EXERCISE>
Once the line holding "En modern byggnad" is found in the entries below, transcribe exactly every line up to and including the one holding "Height: 14.5", but leave out the pictures.

↓

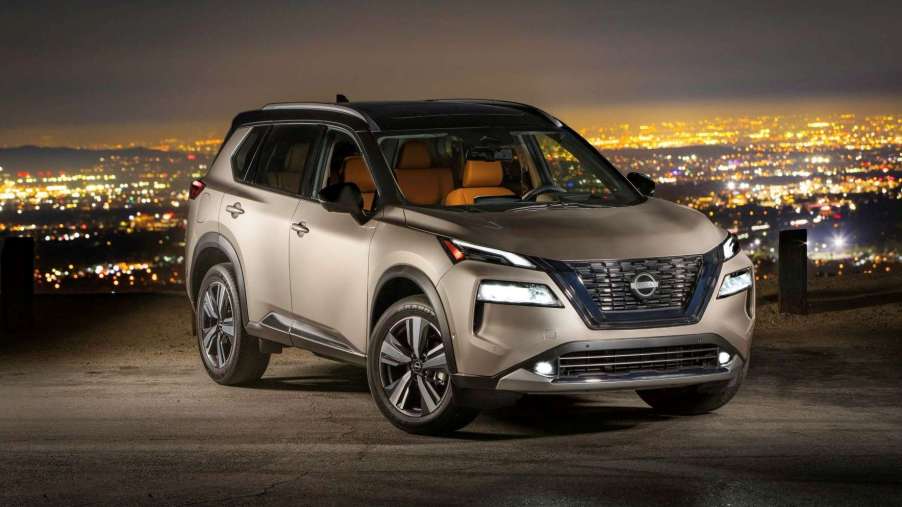 Champagne Silver Metallic 2022 Nissan Rogue with a city skyline in the background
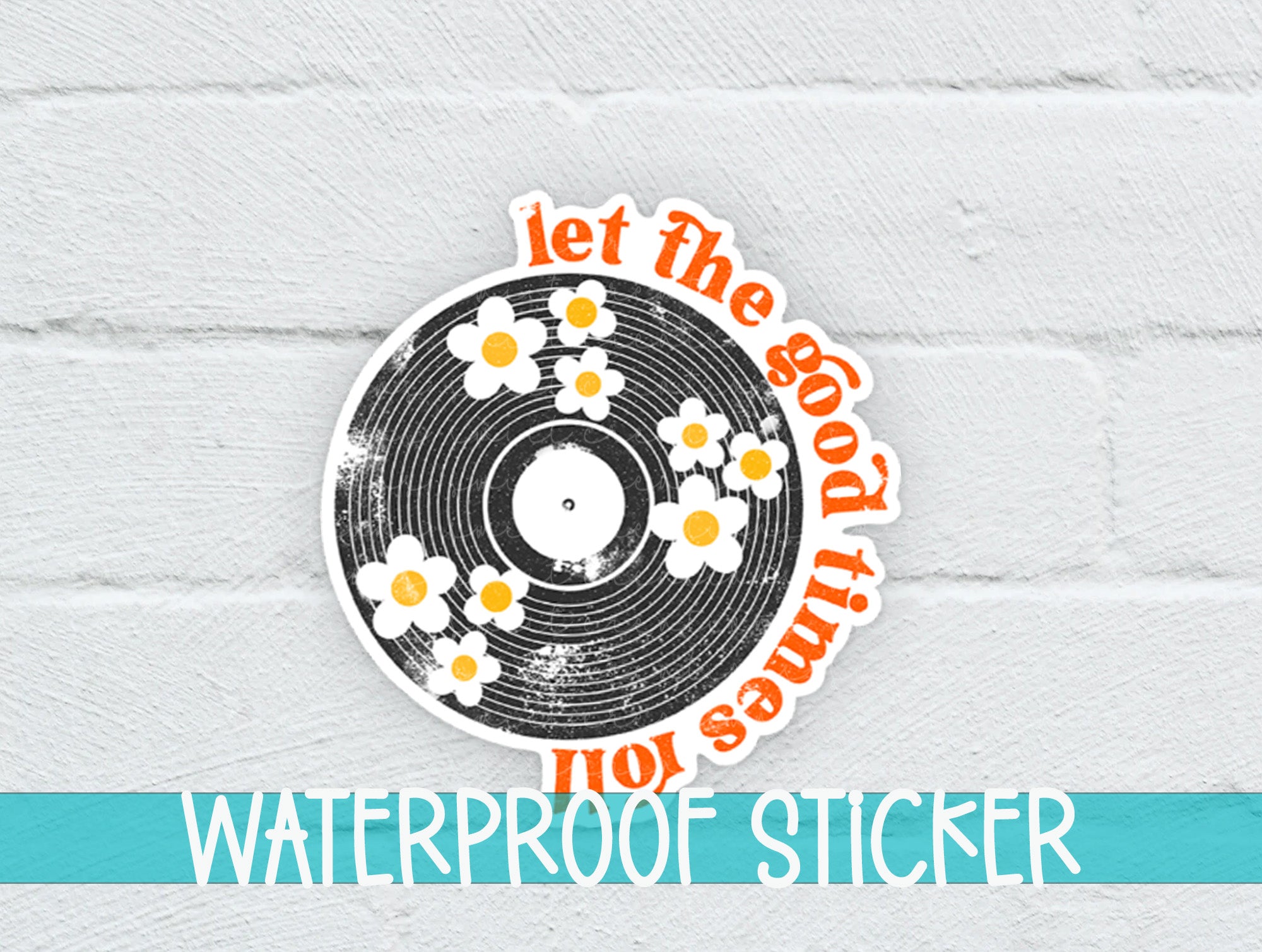 a white brick wall with a sticker of a record with daisies on it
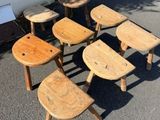 six tabourets en bois posés au milieu d'un parking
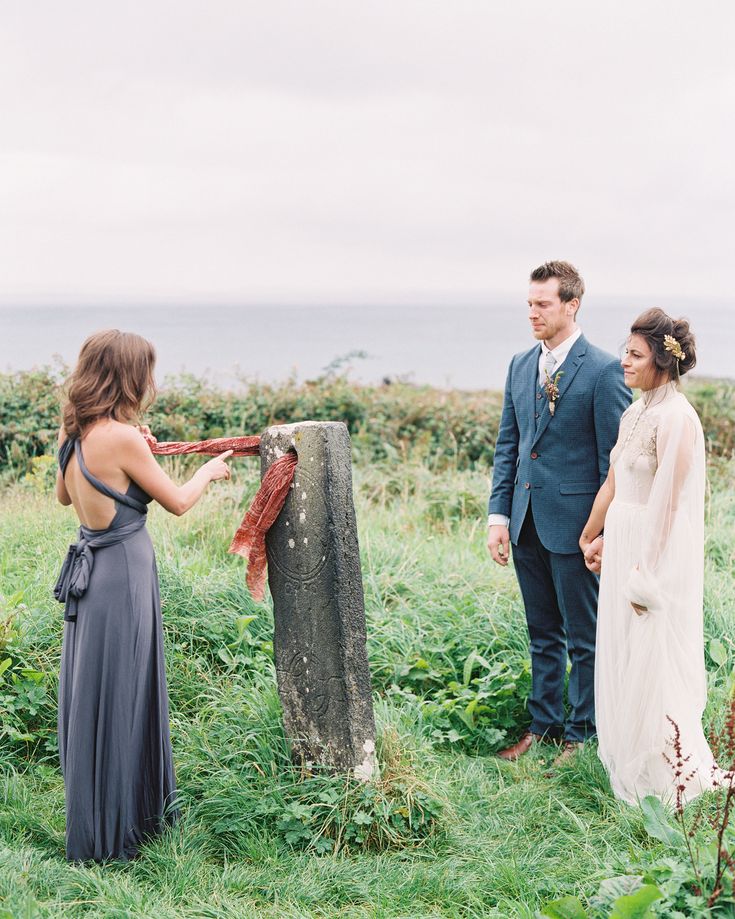 a man and woman standing next to each other in the grass near a stone pillar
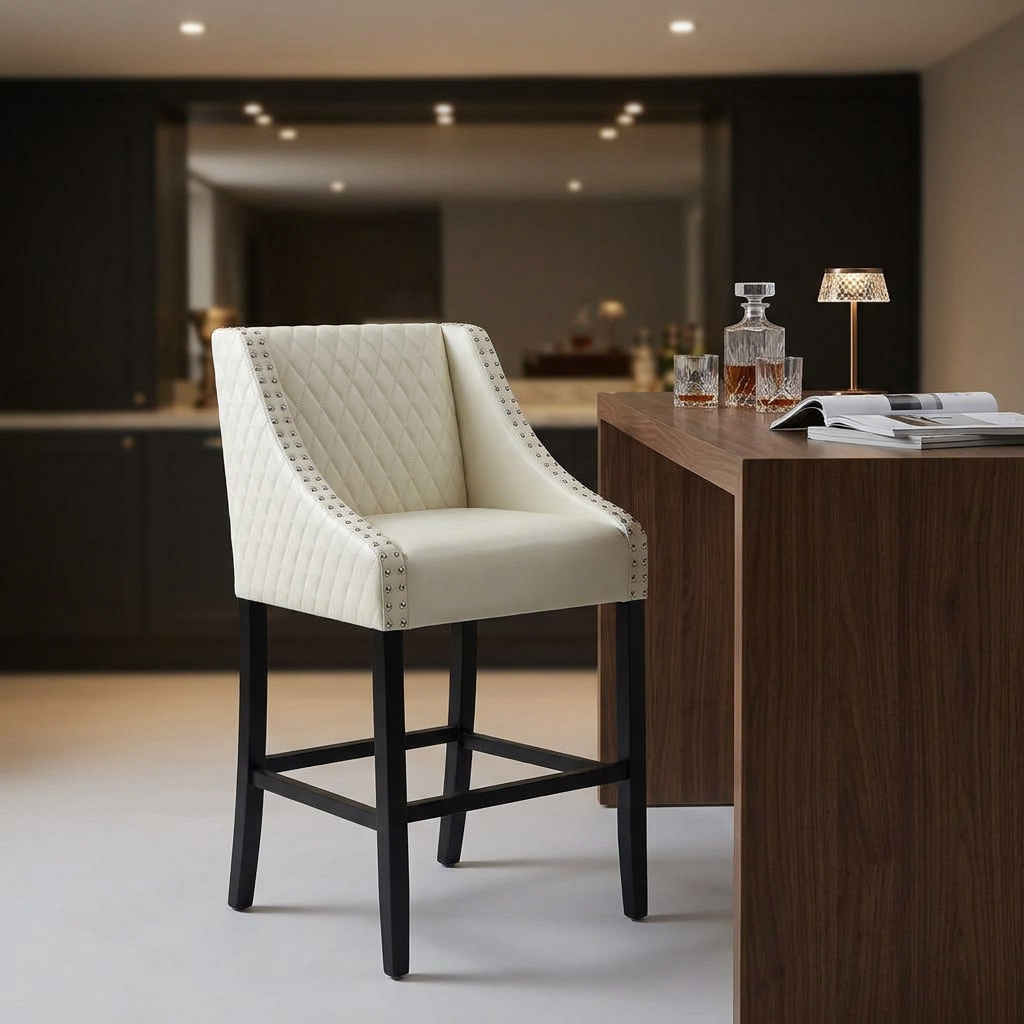 Cream tufted faux leather bar stool with nailhead trim beside a walnut home bar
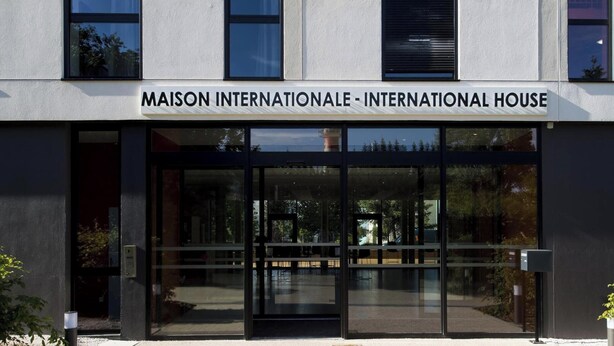 En modern byggnad med en skylt som lyder: ”MAISON INTERNATIONALE – INTERNATIONAL HOUSE”.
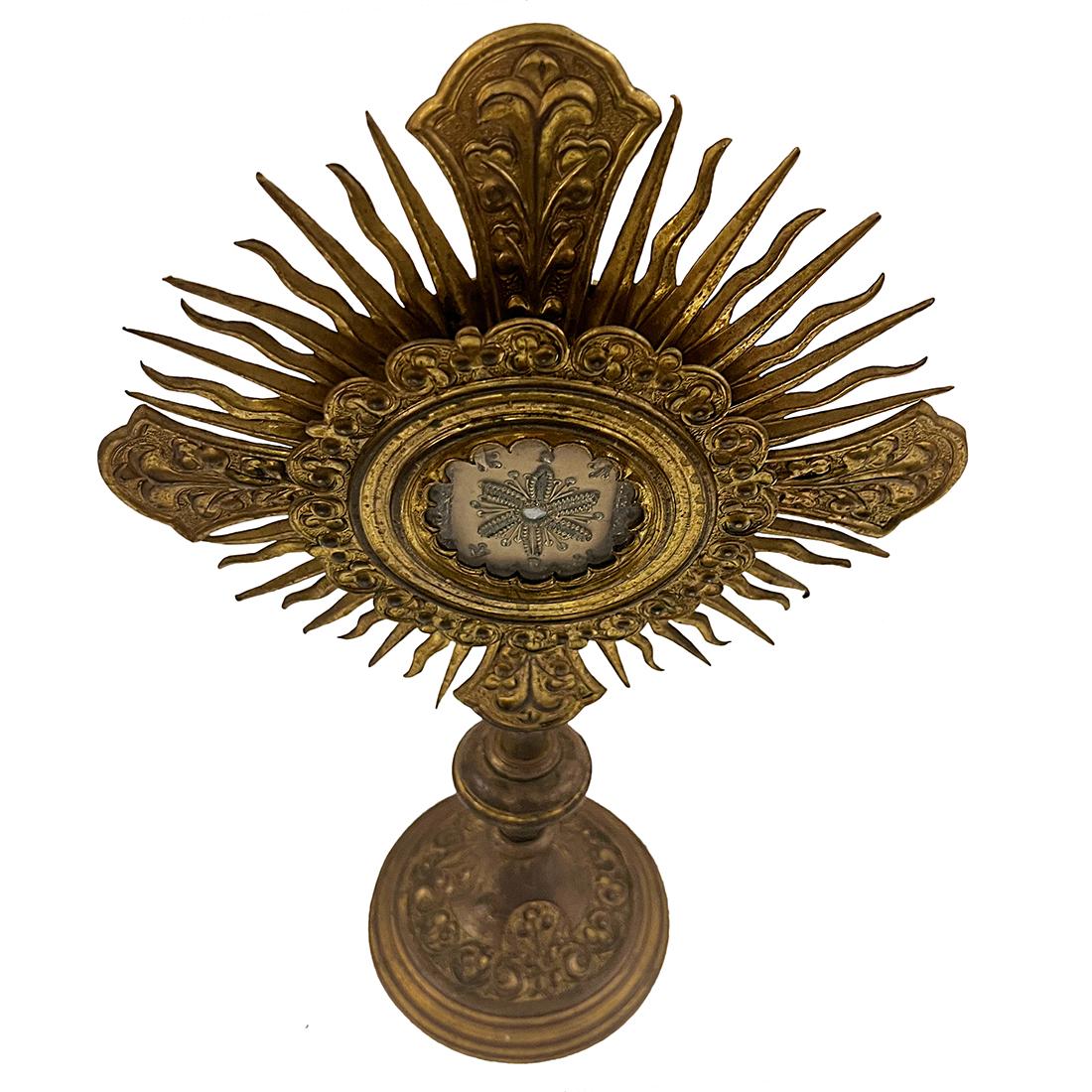 A late 19th Century French gilt bronze reliquary with removable glass insets that hold an embroidered sachet.

Measurements:
Height: 14.5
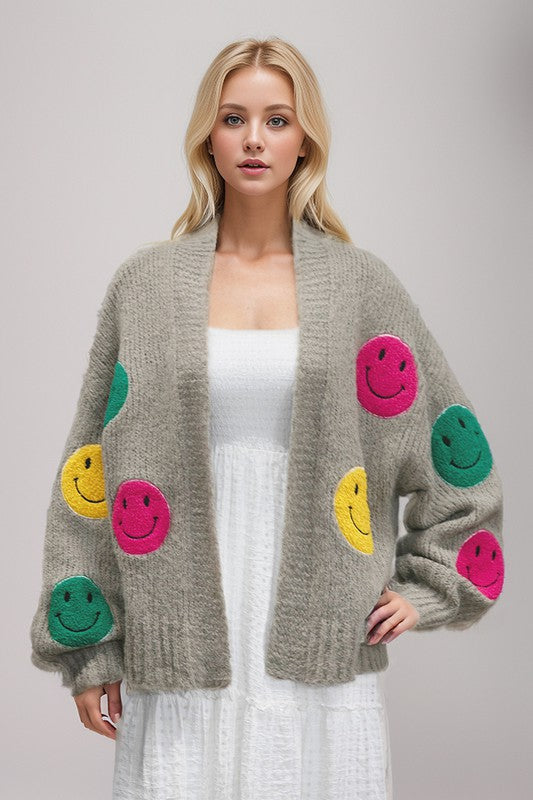 Fuzzy-Knit Cardigan with an oversized silhouette and a playful multi-color happy face at the front. Features ribbed cuffs, bell sleeves, and an open front for easy layering. A fun and stylish statement piece perfect for fashion-forward looks. Free shipping on all orders. Shop now!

↑

RESULT BELOW>
 En modern byggnad med en skylt som lyder: ”MAISON INTERNATIONALE – INTERNATIONAL HOUSE”.
 A late 19th Century French gilt bronze reliquary with removable glass insets that hold an embroidered sachet.

Measurements:
Height: 14.5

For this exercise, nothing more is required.